▶ _MATERIAL PROVIDED_:
#####
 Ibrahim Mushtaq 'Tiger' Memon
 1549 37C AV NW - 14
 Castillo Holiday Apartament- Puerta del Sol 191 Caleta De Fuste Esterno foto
#####
▶ _PROBLEM TO SOLVE_:
All lines from the one containing "1549 37C AV NW - 14" through the end of the listing must be transcribed exactly. No other lines belong in the answer.

▶ _OUTPUT FOR THIS TASK_:
 1549 37C AV NW - 14
 Castillo Holiday Apartament- Puerta del Sol 191 Caleta De Fuste Esterno foto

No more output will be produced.